TASK OBJECTIVE »
Images within the entries are to be omitted; the remainder must be reproduced exactly.
--- START ---
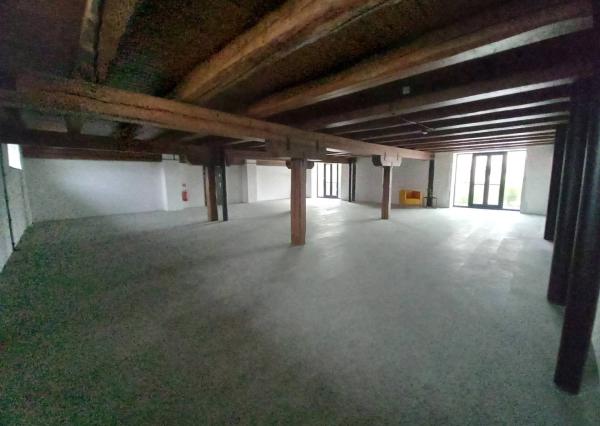 Prenájom priestranné obchodné priestory 150m2 + skladový priestor 50m2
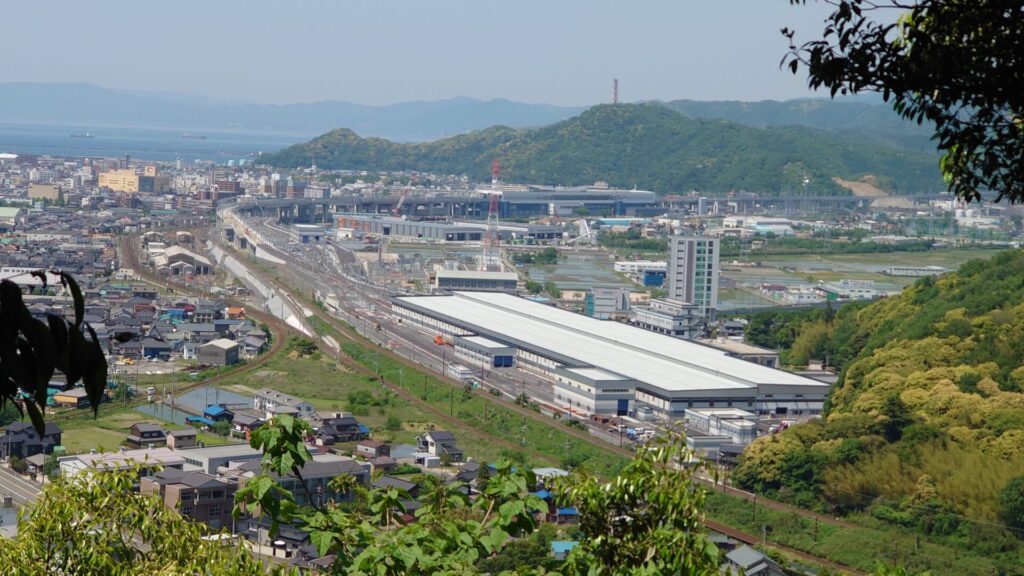 福井県の北陸新幹線ビュースポット（撮影地）「衣掛山 中腹」北側方面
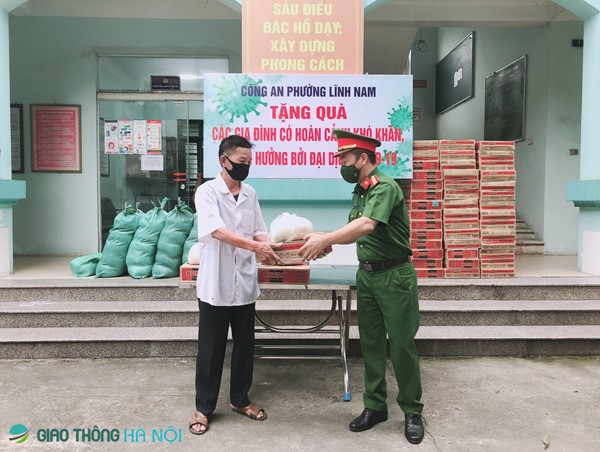 Công an phường Lĩnh Nam: Gửi tặng gạo, nhu yếu phẩm tới những người lao động, gia đình khó khăn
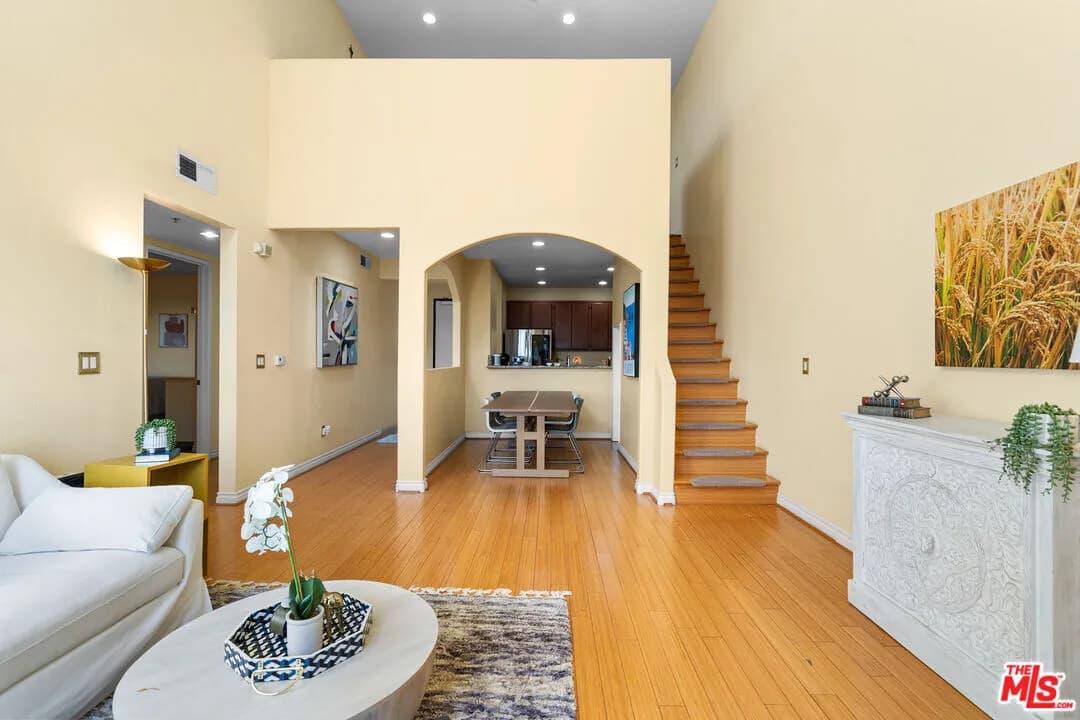 한인타운 콘도 
						2005년생, 방2 화장실2, + LOFT, + 개인 테라스, 약 1400 sf, 꼭대기층, 발코니, 편리한 위치 
						콘도  Los Angeles CA's preview 1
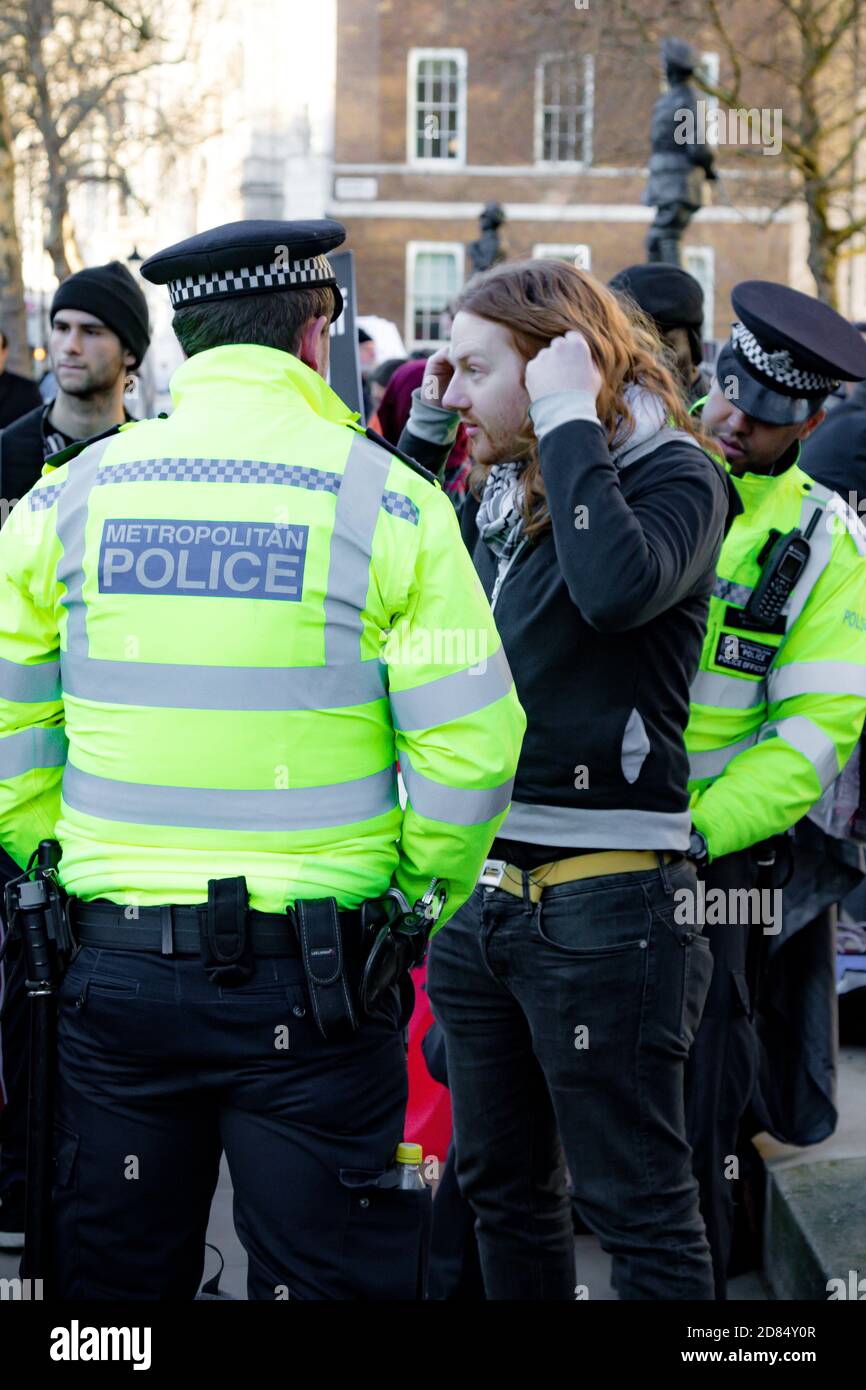 Downing Street, Londres, Royaume-Uni, le 07 mars 2018:- la police a fouiller un manifestant inconnu lors de la manifestation de la Coalition Stop the War contre le Banque D'Images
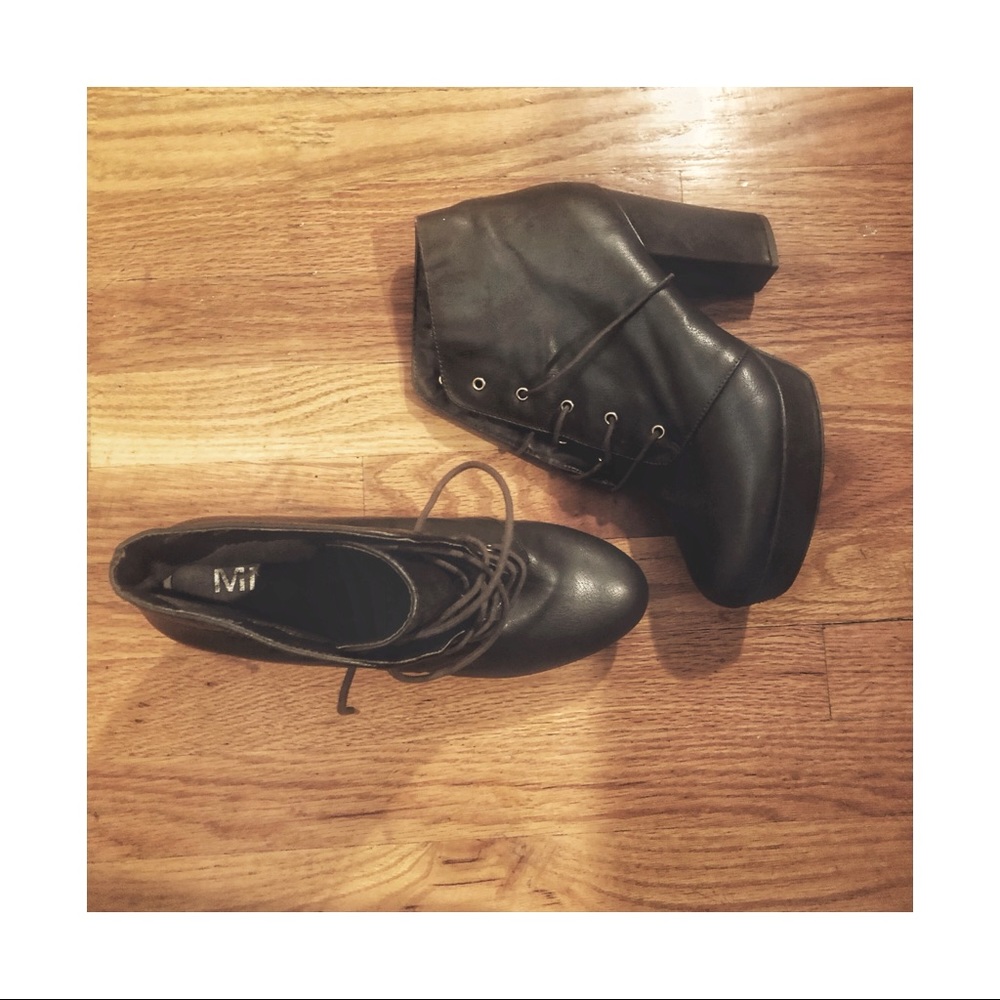 (Sold) Forrest Green Hi-Top Faux-Leather Boots 👢
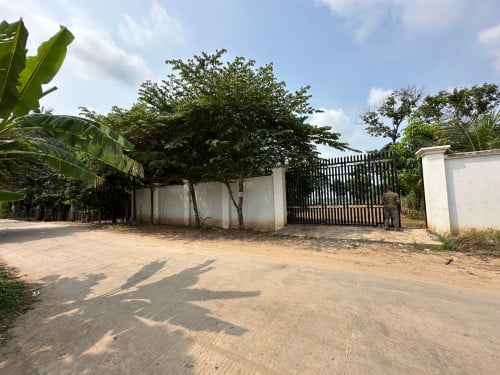 ដីជាប់ទន្លេរលក់ថ្មគរ 20m x 70m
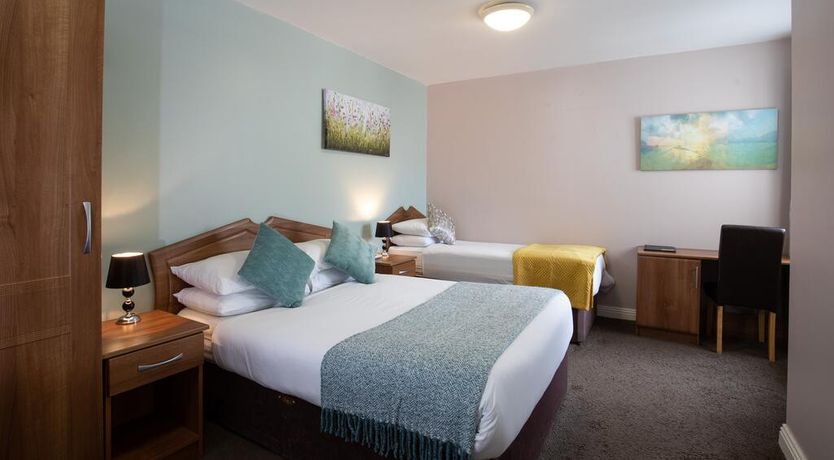 Photo of Murphys Hotel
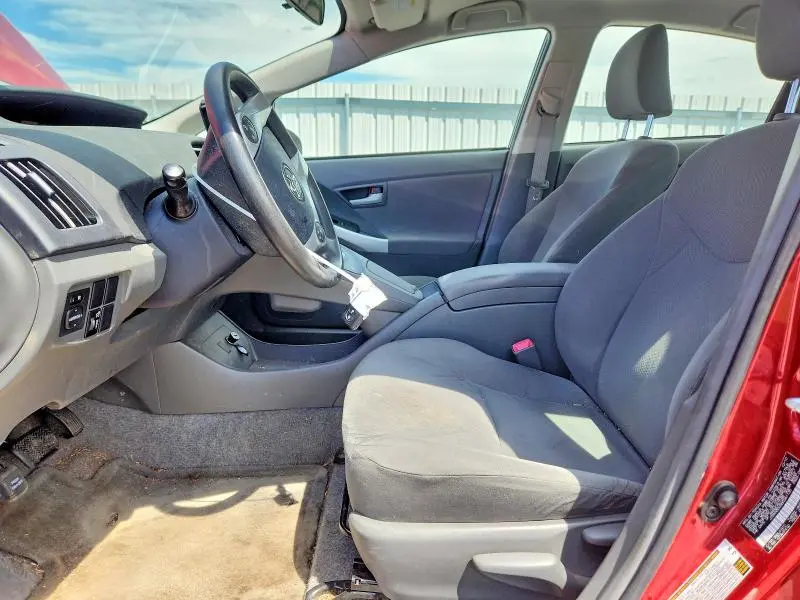 2011 TOYOTA PRIUS TWO  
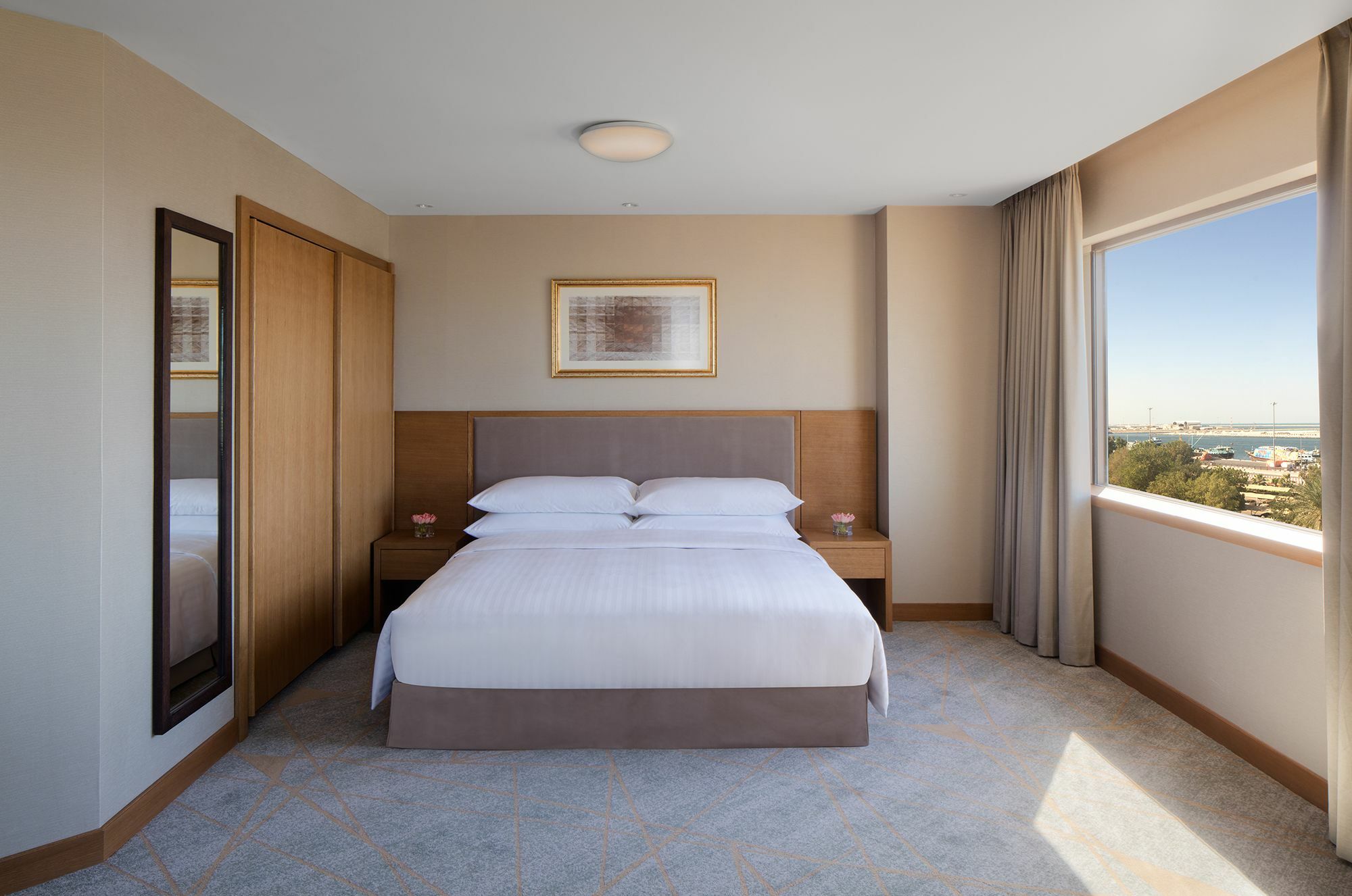 Hyatt Regency Galleria Apartahotel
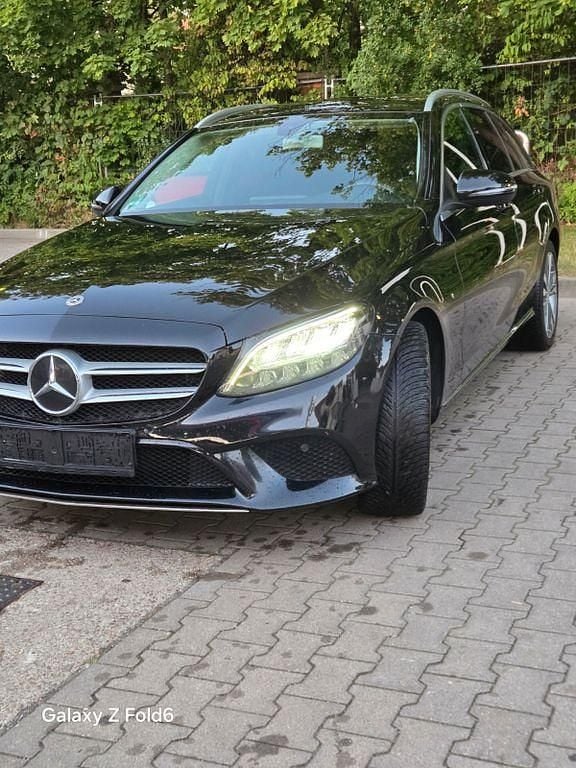 Schwarz Gebraucht 2020 Mercedes C300e Limousine | 18.990 € (Superpreis) - Bild 1/4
--- END ---
ANSWER FOR THE TASK »
 Prenájom priestranné obchodné priestory 150m2 + skladový priestor 50m2
 福井県の北陸新幹線ビュースポット（撮影地）「衣掛山 中腹」北側方面
 Công an phường Lĩnh Nam: Gửi tặng gạo, nhu yếu phẩm tới những người lao động, gia đình khó khăn
 한인타운 콘도 
						2005년생, 방2 화장실2, + LOFT, + 개인 테라스, 약 1400 sf, 꼭대기층, 발코니, 편리한 위치 
						콘도  Los Angeles CA's preview 1
 Downing Street, Londres, Royaume-Uni, le 07 mars 2018:- la police a fouiller un manifestant inconnu lors de la manifestation de la Coalition Stop the War contre le Banque D'Images
 (Sold) Forrest Green Hi-Top Faux-Leather Boots 👢
 ដីជាប់ទន្លេរលក់ថ្មគរ 20m x 70m
 Photo of Murphys Hotel
 2011 TOYOTA PRIUS TWO  
 Hyatt Regency Galleria Apartahotel
 Schwarz Gebraucht 2020 Mercedes C300e Limousine | 18.990 € (Superpreis) - Bild 1/4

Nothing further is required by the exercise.